As human beings, we are hard wired to go negative, and the negative self-talk is the easier pathway for our brain to take. I found myself in this position last week. Like many of you, my professional identity and daily positive routines for self-improvement have taken a backseat to major overtime work as a parent of young children in a quarantine. The outlets and physical support from our community, school and extended family are unavailable, and although we know this is temporary, the unknowns of the future and timeline can really take their toll.
As a small business owner, this time of year is normally filled with the excitement of getting outdoors with my tennis groups after a long winter. We’re all putting the greater good ahead of our personal desires, yet I have been longing for some peaceful time to myself to take a breath and map out some kind of plan for this unprecedented time away from on-court coaching and youth development programs. As Mom to a 2.5 year old daughter and 6-month-old son (who don’t love to coordinate their naps!), I haven’t been finding that time. I love my children, and I also miss being in the flow of my career.

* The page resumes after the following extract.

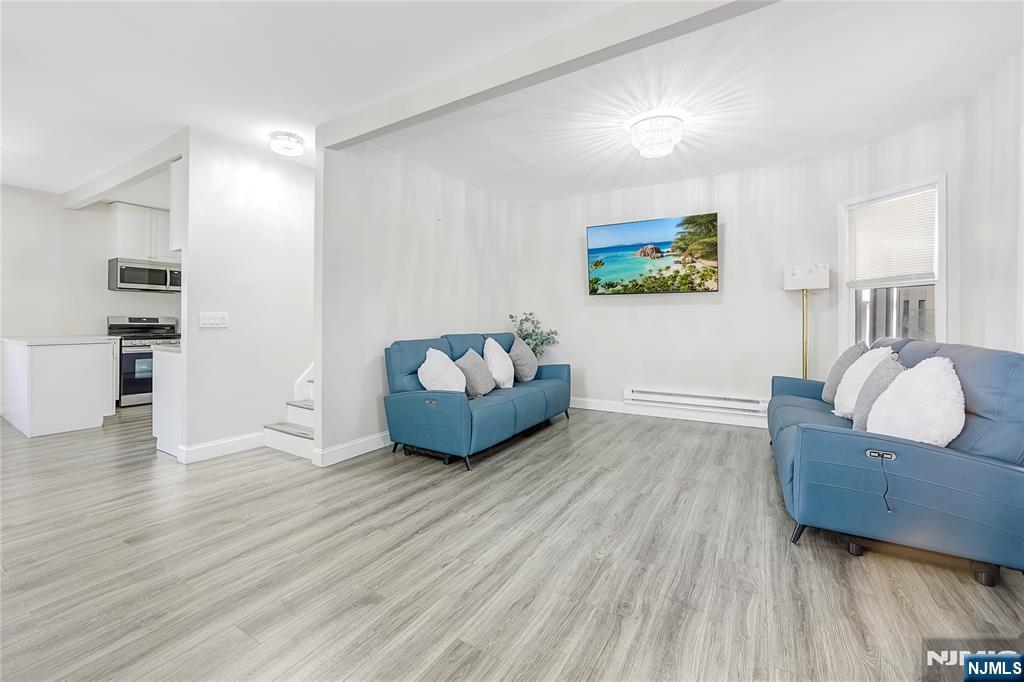 64 Demott Avenue - Photo 3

I was having a particularly hard time being present the other morning. In a tug-of-war between being Mom and business owner, I wanted to feel “productive;” wanted to get after the goals on my to-do list for the day and make progress professionally. My beautiful, fun, curious daughter, however, wanted to make a fort. So we made a fort.
As we gathered the blankets, pillows, stuffed animals, books, and other random items she requested to be in the fort with us, I could feel myself getting impatient, distracted, and not present. As I settled in with my daughter - who had set up an array of books for us to read to her little brother underneath our amateur structure - she turned to me with beaming eyes and said, “we’re having so much fun!”

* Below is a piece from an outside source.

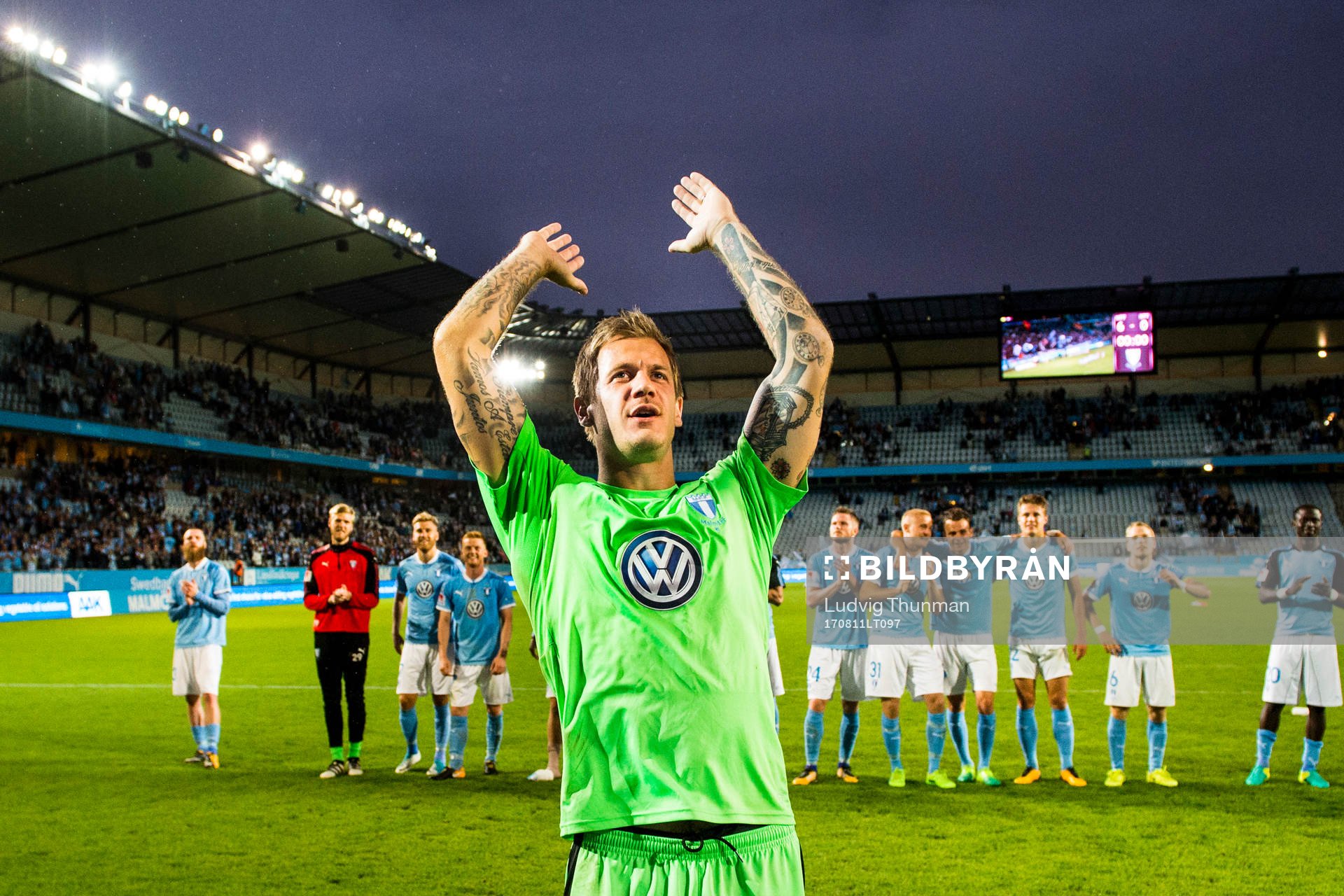Malmö FFs målvakt Johan Dahlin jublar med publiken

In that moment, I paused, and my eyes teared up a bit. I snapped back into the present moment, and actually took a second to use my senses to see, feel, hear what was going on around me. The sweet, playful, joyful expression from my daughter - who is too young to truly grasp the gravity of our current world - made me realize that a big part of my job right now is to keep her safe; ensure she feels loved; and encourage her to learn and explore in the amazingly creative ways she always does. Helping her practice letter sounds and how to zip up a coat are now on my to-do list. Teaching her that she can do hard things even if it doesn’t go right at first will help her build confidence. I’m taking my own notes on this one as well.
Professionally, I have the best, most loyal clients I could ever ask for, and I am confident we will reconnect with more excitement and gratitude for the ability to play/coach our sport than ever before. For now, I will seek to look through a lens of gratitude for what I do have right in front of me; for what I can do today; and the hope of what will be in the future.